Reproduce precisely the lines of the listing below, starting with the line that contains "Two New Boxes" and stopping after the line that contains "Donext Crib Playpen"; include nothing else.

Material for this task »
· · · · ·
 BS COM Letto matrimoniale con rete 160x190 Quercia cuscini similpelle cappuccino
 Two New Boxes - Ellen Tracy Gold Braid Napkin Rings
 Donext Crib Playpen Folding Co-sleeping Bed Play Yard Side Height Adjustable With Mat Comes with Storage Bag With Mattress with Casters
· · · · ·
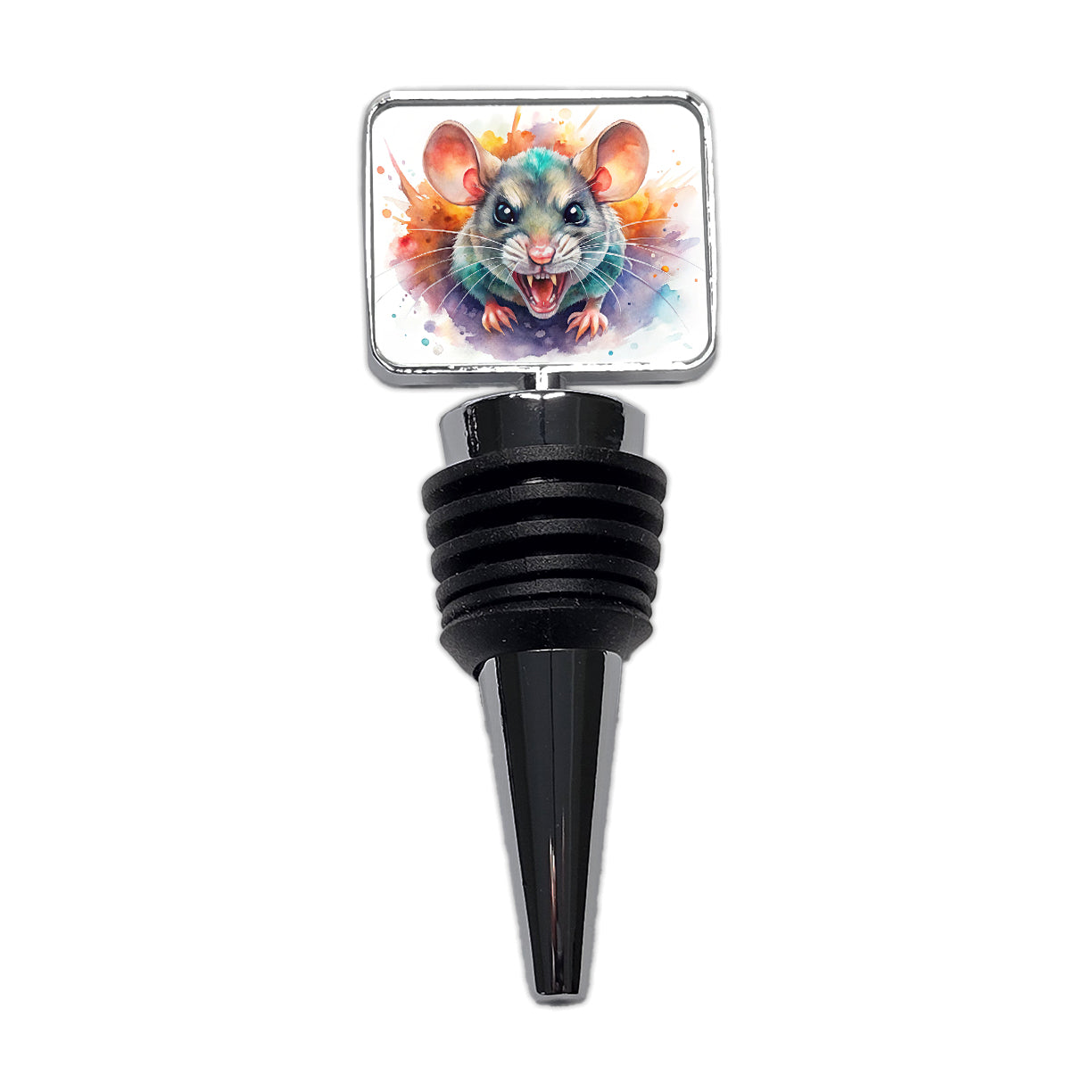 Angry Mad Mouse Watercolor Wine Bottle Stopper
· · · · ·
Answer section »
 Two New Boxes - Ellen Tracy Gold Braid Napkin Rings
 Donext Crib Playpen Folding Co-sleeping Bed Play Yard Side Height Adjustable With Mat Comes with Storage Bag With Mattress with Casters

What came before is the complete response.